“Esistono vicende che, se affrontate con intelligenza e senso delle istituzioni, possono trasformarsi da motivo di scontro in un’occasione di crescita per un’intera comunità. Credo che il caso del Teatro Grandinetti sia una di queste. Per questo sarebbe un errore leggerlo esclusivamente come una contrapposizione tra associazioni o, peggio ancora, come uno scontro politico. Il punto, in realtà, è molto più ampio e riguarda il modello culturale che Lamezia Terme vuole costruire per il proprio futuro. Oggi il Teatro Grandinetti è l’unico teatro pienamente operativo della città. Un bene pubblico che, proprio per la sua unicità, rappresenta un patrimonio dell’intera comunità”. E’ quanto afferma Tiziana De Matteo, responsabile cultura Idm Terra Dei Due Mari.

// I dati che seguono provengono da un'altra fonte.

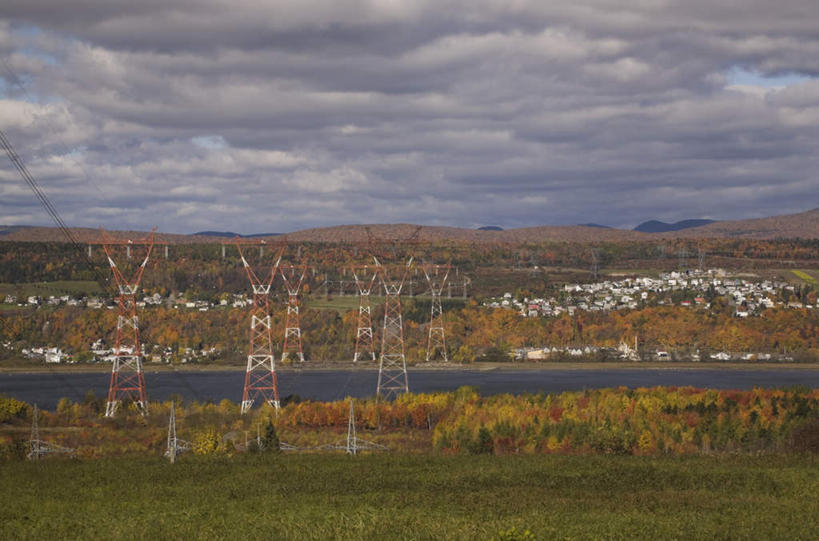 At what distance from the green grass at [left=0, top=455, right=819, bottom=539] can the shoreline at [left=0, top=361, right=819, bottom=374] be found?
2863 inches

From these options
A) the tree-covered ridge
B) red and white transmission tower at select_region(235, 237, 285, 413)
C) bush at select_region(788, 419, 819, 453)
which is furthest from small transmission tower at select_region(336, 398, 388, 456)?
bush at select_region(788, 419, 819, 453)

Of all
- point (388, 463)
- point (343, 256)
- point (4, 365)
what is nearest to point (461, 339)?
point (343, 256)

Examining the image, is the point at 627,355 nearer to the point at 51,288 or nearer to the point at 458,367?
the point at 458,367

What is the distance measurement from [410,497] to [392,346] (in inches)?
3266

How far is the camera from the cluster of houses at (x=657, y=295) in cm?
15075

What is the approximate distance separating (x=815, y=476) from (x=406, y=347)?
92.2 m

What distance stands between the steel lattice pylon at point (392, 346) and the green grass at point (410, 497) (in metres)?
25.0

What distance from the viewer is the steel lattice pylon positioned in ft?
249

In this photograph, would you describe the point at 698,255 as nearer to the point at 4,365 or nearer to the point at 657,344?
the point at 657,344

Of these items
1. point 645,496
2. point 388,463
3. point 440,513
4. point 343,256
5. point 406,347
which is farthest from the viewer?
point 343,256

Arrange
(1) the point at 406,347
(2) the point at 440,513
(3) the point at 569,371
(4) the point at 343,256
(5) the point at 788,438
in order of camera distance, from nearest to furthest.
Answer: (2) the point at 440,513 < (5) the point at 788,438 < (3) the point at 569,371 < (1) the point at 406,347 < (4) the point at 343,256

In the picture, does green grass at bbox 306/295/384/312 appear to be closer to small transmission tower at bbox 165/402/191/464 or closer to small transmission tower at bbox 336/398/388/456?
small transmission tower at bbox 336/398/388/456

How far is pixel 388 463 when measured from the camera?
1919 inches

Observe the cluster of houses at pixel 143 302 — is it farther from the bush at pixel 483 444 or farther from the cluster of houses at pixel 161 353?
the bush at pixel 483 444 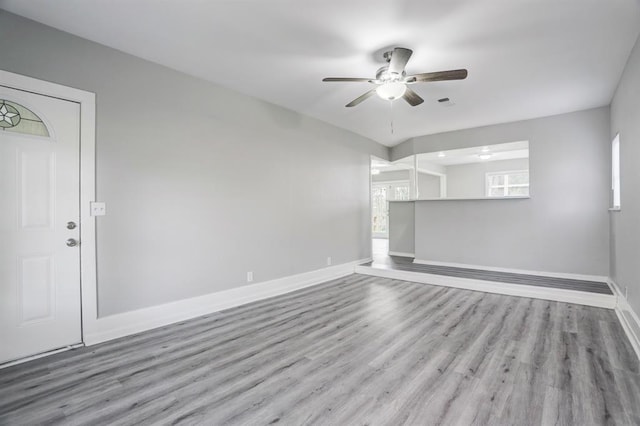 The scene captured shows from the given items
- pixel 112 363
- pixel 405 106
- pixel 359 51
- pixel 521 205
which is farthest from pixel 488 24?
Answer: pixel 112 363

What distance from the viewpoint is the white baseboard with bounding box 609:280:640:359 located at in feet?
8.55

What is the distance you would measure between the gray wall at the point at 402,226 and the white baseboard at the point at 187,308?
2.73 metres

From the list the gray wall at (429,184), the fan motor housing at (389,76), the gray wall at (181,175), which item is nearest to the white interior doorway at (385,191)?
the gray wall at (429,184)

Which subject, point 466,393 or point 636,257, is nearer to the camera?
point 466,393

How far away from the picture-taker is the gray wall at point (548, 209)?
178 inches

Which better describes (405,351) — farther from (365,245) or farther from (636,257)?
(365,245)

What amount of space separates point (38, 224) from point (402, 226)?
242 inches

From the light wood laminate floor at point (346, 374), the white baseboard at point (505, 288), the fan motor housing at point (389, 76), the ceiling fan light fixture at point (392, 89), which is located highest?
the fan motor housing at point (389, 76)

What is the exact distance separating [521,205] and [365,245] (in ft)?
9.18

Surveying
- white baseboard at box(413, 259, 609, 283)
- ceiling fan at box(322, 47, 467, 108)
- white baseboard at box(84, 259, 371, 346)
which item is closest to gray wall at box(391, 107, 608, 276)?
white baseboard at box(413, 259, 609, 283)

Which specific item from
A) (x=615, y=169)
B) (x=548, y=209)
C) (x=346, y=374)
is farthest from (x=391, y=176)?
(x=346, y=374)

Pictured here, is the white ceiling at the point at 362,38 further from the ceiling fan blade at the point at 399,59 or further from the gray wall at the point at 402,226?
the gray wall at the point at 402,226

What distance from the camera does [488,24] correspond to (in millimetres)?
2492

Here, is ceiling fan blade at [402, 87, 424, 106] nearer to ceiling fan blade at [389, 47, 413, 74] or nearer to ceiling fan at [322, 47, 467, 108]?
ceiling fan at [322, 47, 467, 108] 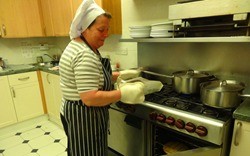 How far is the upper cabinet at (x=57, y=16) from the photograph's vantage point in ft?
6.77

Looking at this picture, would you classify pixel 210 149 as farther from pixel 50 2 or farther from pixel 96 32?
pixel 50 2

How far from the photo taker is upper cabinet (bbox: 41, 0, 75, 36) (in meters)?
2.06

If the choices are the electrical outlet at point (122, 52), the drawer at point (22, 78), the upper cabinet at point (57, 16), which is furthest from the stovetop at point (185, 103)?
the drawer at point (22, 78)

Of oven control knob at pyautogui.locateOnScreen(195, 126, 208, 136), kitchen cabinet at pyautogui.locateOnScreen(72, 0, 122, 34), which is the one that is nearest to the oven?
oven control knob at pyautogui.locateOnScreen(195, 126, 208, 136)

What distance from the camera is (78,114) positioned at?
41.5 inches

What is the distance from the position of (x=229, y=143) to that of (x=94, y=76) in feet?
2.48

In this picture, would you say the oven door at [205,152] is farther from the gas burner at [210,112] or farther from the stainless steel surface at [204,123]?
the gas burner at [210,112]

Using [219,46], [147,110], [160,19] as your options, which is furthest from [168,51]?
[147,110]

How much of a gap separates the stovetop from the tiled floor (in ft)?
4.19

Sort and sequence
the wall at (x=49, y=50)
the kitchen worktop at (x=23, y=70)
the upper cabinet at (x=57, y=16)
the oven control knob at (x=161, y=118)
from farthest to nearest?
the kitchen worktop at (x=23, y=70) < the upper cabinet at (x=57, y=16) < the wall at (x=49, y=50) < the oven control knob at (x=161, y=118)

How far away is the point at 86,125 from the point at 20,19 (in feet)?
6.63

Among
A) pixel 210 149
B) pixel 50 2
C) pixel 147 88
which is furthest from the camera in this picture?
pixel 50 2

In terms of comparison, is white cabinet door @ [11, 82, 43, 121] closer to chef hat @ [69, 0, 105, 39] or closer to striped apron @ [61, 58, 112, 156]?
striped apron @ [61, 58, 112, 156]

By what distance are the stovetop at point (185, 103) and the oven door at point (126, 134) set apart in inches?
7.2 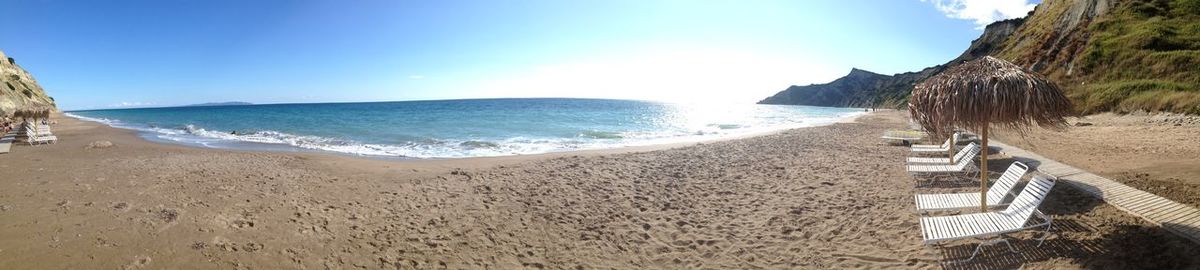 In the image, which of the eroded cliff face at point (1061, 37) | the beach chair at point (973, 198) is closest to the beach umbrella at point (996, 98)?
the beach chair at point (973, 198)

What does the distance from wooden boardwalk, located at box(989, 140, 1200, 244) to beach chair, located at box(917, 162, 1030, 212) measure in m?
1.01

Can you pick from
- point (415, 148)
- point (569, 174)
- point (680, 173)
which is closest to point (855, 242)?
point (680, 173)

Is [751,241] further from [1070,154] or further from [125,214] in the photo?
[1070,154]

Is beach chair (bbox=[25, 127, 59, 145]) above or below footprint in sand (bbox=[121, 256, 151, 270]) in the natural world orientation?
above

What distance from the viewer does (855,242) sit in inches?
223

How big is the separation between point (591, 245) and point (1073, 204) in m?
6.47

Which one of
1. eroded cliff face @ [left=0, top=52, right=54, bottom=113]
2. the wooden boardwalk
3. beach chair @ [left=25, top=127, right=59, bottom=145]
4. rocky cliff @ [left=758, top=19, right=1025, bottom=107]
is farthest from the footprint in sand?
rocky cliff @ [left=758, top=19, right=1025, bottom=107]

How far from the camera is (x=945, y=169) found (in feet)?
28.5

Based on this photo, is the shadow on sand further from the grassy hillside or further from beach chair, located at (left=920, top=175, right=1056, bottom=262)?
the grassy hillside

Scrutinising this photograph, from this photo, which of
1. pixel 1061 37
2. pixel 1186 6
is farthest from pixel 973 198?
pixel 1186 6

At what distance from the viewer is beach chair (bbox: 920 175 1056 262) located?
4.77m

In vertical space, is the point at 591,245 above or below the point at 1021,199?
below

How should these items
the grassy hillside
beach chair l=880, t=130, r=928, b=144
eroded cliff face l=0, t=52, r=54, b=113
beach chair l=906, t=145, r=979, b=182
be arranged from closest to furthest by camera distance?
beach chair l=906, t=145, r=979, b=182, beach chair l=880, t=130, r=928, b=144, the grassy hillside, eroded cliff face l=0, t=52, r=54, b=113

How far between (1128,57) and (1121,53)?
76cm
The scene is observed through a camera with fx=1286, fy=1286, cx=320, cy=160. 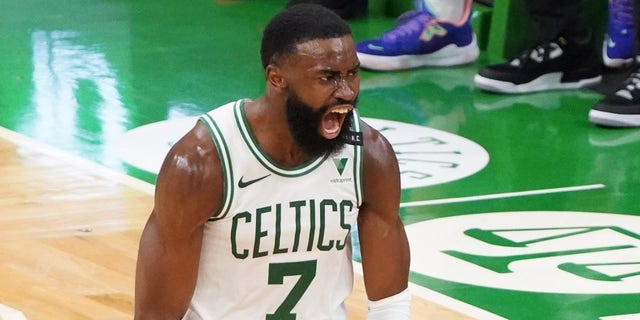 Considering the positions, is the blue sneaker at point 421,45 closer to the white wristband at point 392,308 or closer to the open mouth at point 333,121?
the white wristband at point 392,308

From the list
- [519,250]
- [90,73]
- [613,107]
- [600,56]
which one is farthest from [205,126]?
[600,56]

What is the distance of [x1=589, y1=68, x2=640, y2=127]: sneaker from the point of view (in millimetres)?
5180

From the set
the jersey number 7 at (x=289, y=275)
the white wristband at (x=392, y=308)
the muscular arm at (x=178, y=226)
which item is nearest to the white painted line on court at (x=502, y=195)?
the white wristband at (x=392, y=308)

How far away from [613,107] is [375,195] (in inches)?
121

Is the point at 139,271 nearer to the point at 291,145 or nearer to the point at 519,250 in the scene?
the point at 291,145

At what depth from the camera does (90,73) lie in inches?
236

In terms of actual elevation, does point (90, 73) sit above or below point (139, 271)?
below

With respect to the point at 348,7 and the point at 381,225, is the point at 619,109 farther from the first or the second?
the point at 381,225

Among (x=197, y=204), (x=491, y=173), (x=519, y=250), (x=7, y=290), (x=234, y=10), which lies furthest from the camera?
(x=234, y=10)

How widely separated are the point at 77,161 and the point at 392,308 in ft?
7.95

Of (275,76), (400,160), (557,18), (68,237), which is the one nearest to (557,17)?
(557,18)

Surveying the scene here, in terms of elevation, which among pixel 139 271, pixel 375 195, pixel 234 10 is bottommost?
pixel 234 10

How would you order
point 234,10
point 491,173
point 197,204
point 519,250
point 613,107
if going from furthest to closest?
point 234,10
point 613,107
point 491,173
point 519,250
point 197,204

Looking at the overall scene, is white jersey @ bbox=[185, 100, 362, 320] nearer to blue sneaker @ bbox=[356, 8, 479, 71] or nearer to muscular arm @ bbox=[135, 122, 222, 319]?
muscular arm @ bbox=[135, 122, 222, 319]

Due realtà non alternative
Che aggiunge: “Da una parte esiste una stagione teatrale di alto livello, che rappresenta un valore per la città e che, è bene ricordarlo, veniva organizzata anche prima dell’affidamento della gestione esclusiva del teatro. La qualità di quella programmazione non è quindi in discussione e nessuno mette in dubbio il lavoro svolto da chi, negli anni, ha portato a Lamezia spettacoli importanti. Dall’altra parte esiste un patrimonio altrettanto prezioso, formato da decine di associazioni culturali, scuole di teatro, scuole di danza, compagnie, realtà musicali e operatori del terzo settore che, ogni giorno, lavorano con bambini, ragazzi e famiglie, costruendo cultura dal basso e contribuendo in maniera determinante alla vitalità culturale della città. Queste due realtà non dovrebbero mai essere considerate alternative. Dovrebbero convivere. Ed è proprio qui che nasce la riflessione che, da settimane, anima il dibattito cittadino.Quando un bene pubblico viene affidato in maniera esclusiva ad un unico soggetto, inevitabilmente quel soggetto acquisisce un vantaggio competitivo che va ben oltre l’utilizzo materiale della struttura. Avere la disponibilità di un teatro significa poter programmare con maggiore continuità, partecipare più facilmente a bandi che valorizzano la disponibilità di spazi culturali e consolidare nel tempo una posizione sempre più forte.